> DATA SUPPLIED

:::::

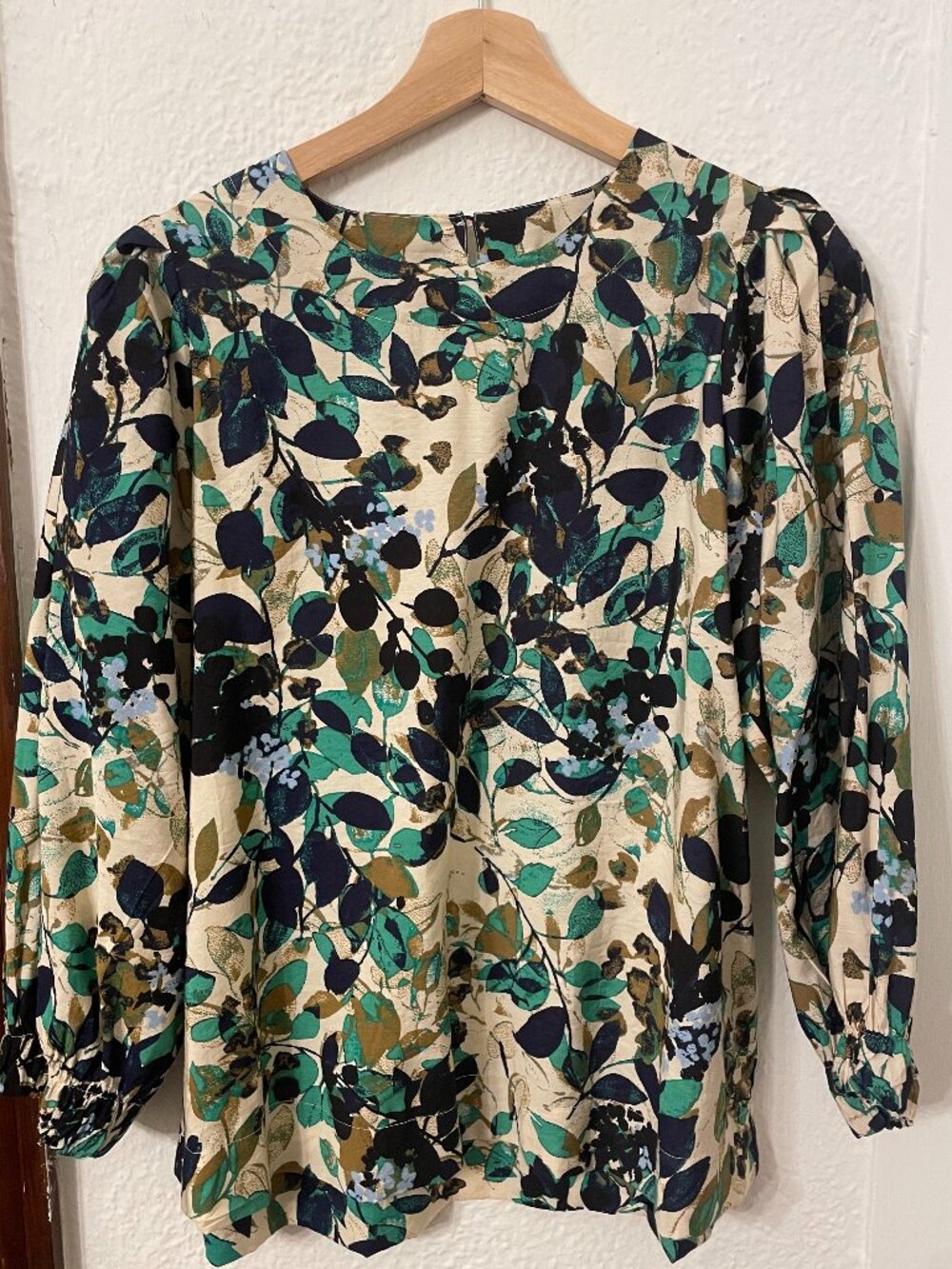 Masai Copenhagen Green Print Blouse, NWT, Cottagecore Coastal Grandma Lagenlook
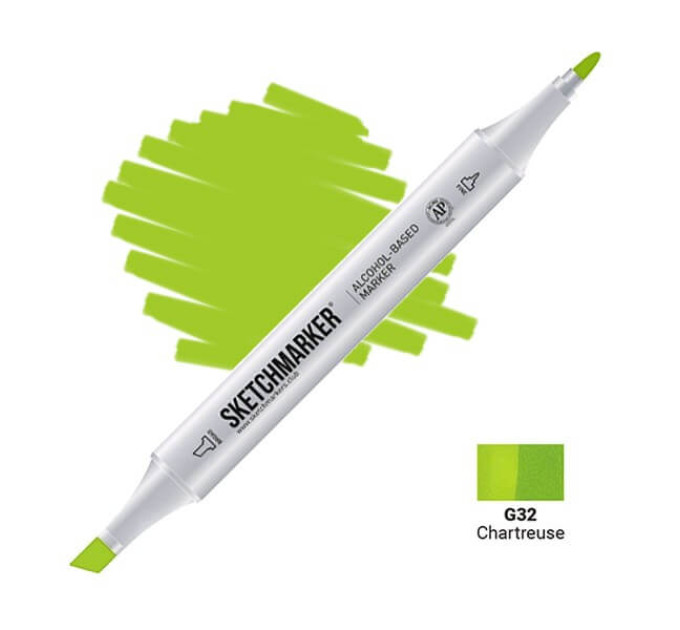 Маркер Sketchmarker G32 Chartreuse (Зеленувато-жовтий) SM-G32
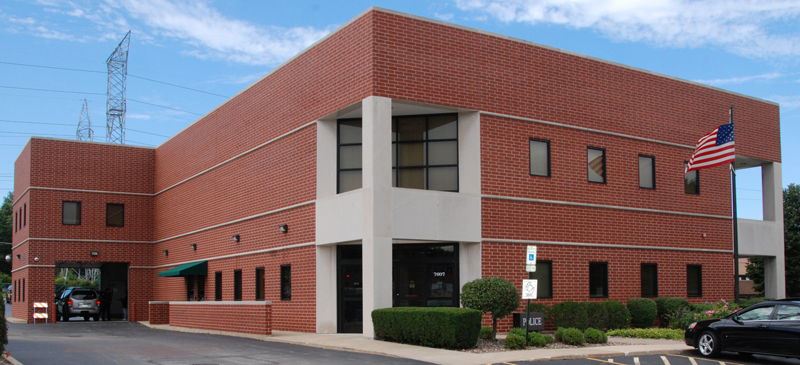 Front View of the Police Department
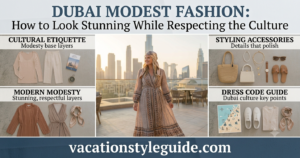 Dubai Modest Fashion: How to Look Stunning While Respecting the Culture
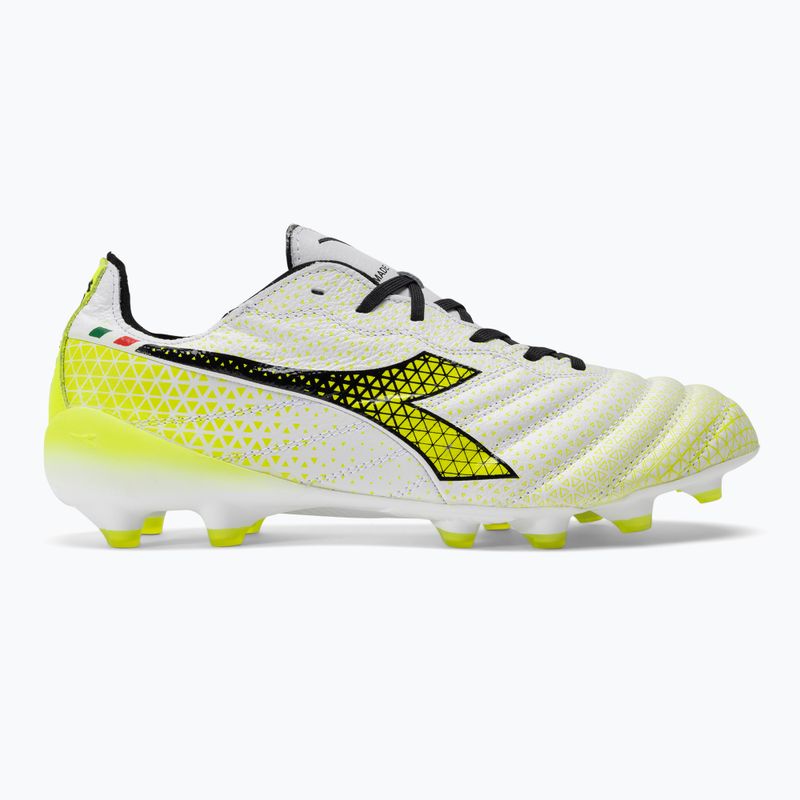 Vyriški futbolo bateliai Diadora Brasil Elite Tech GR ITA LPX white/black/fluo yellow 2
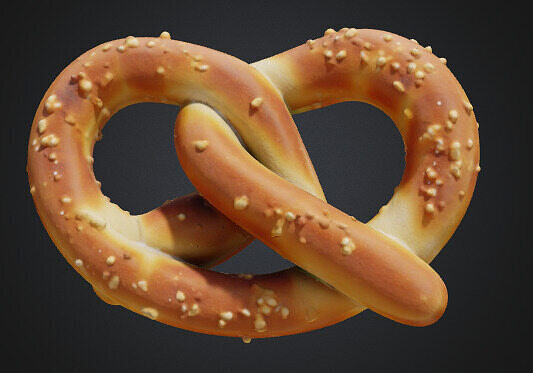 Bavarian Pretzel bayerische Brezel 3D model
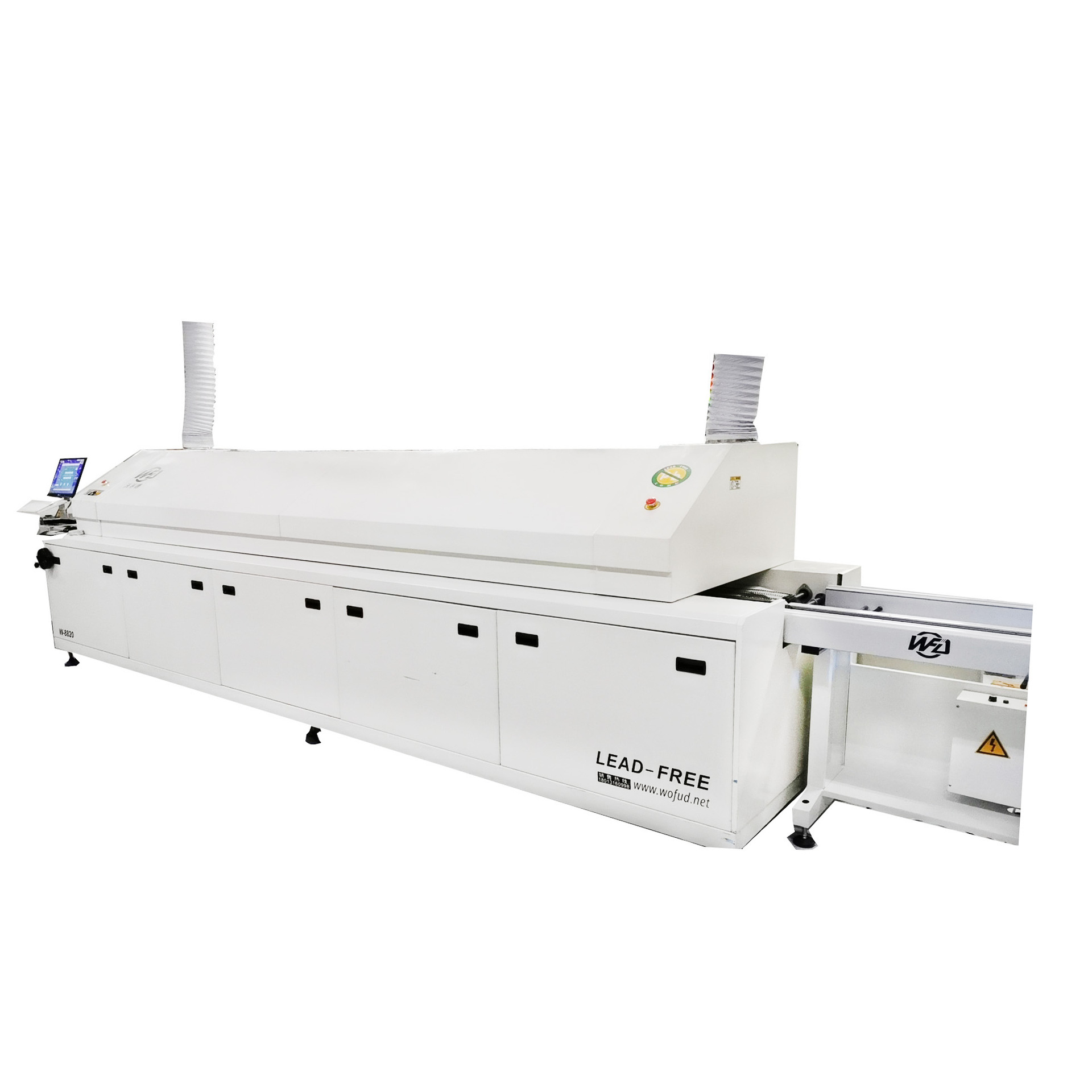 沃孚德厂家批发W--8800PC八温区电脑控制回流焊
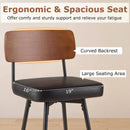 27 Inch Padded Counter Barstools Set of 2 with Metal Legs by LJGDeals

:::::

Output, exactly, all the records above; include no pictures.

> ANSWER AREA
 Masai Copenhagen Green Print Blouse, NWT, Cottagecore Coastal Grandma Lagenlook
 Маркер Sketchmarker G32 Chartreuse (Зеленувато-жовтий) SM-G32
 Front View of the Police Department
 Dubai Modest Fashion: How to Look Stunning While Respecting the Culture
 Vyriški futbolo bateliai Diadora Brasil Elite Tech GR ITA LPX white/black/fluo yellow 2
 Bavarian Pretzel bayerische Brezel 3D model
 沃孚德厂家批发W--8800PC八温区电脑控制回流焊
 27 Inch Padded Counter Barstools Set of 2 with Metal Legs by LJGDeals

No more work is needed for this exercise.